Voilà donc les décrets des 13 et 20 janvier déclarés par la diète incompatibles avec l’art. 12 du pacte fédéral de 1815. Pour qui connaît l’organisation intérieure de la Suisse, l’état de ses idées et de ses mœurs, c’est une grande victoire pour la cause de l’ordre.

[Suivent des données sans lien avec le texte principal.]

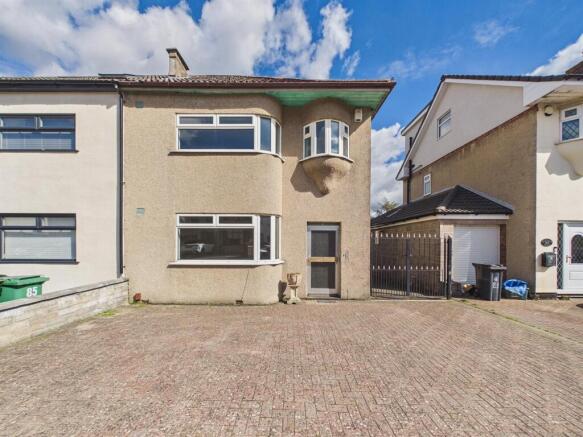 1 - 3 Bedroom Semi-Detached House with Garage.jpg
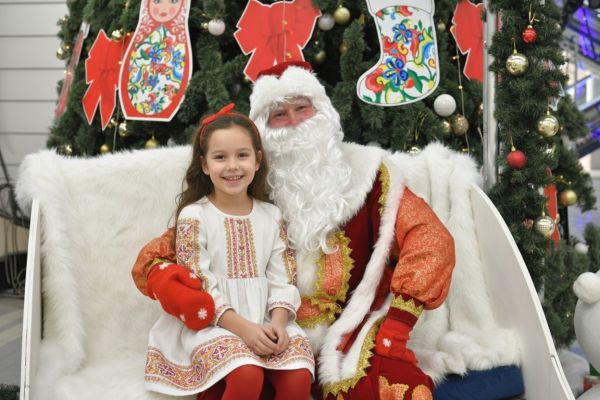 В Центре Галереи Чижова Дед Мороз открыл школу детских желаний  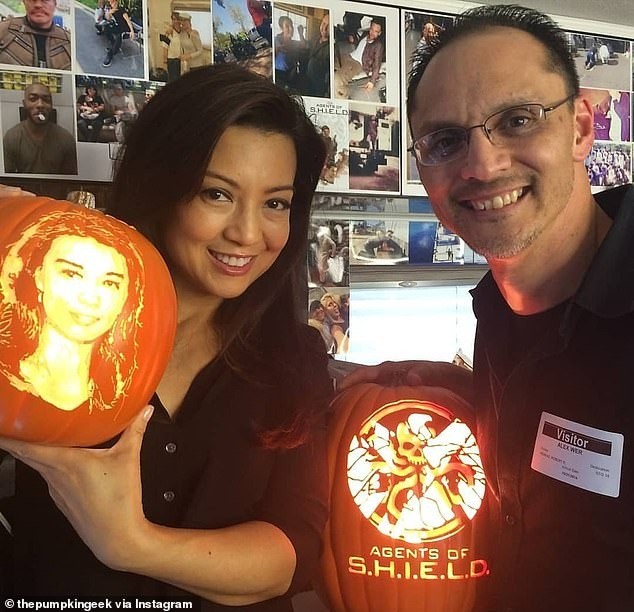 Trong ảnh là thợ khắc bí ngô Alex Wer cùng ngôi sao của phim 'Agents of S.H.I.E.L.D.' Ming-Na Wen. Trong ảnh là thợ khắc bí ngô Alex Wer cùng ngôi sao của phim 'Agents of S.H.I.E.L.D.' Ming-Na Wen.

La même majorité se déclara, dans la séance suivante, en faveur des art. 2, 3, 4 et 5 de la majorité de la commission, et l’ensemble du projet fut transformé, le 2 avril, en décret de la diète fédérale. Dans la séance du 5 avril, Argovie fit insérer au protocole une protestation contre ce décret ; la diète n’en tint nul compte, et déclara, dans la même séance, qu’elle ne se dissoudrait pas, mais qu’elle s’ajournerait seulement, pour être en état de faire face aux évènemens, si des circonstances nouvelles nécessitaient sa réunion avant la convocation de la diète ordinaire. Une discussion orageuse s’engagea à l’occasion d’une réclamation de Zurich, sur la manière dont l’état de Berne était intervenu militairement en Argovie, et en général sur l’ensemble de la conduite tenue par le vorort dans cette affaire. M. Neuhaus, très vivement attaqué, notamment par Uri, se défendit avec non moins de vivacité ; mais la grande majorité des députés donnèrent de nouvelles preuves de leur amour pour la concorde et la bonne harmonie, en s’appliquant à étouffer la querelle et à ajourner la question soulevée par Zurich. Enfin, le 6 avril, l’assemblée se sépara.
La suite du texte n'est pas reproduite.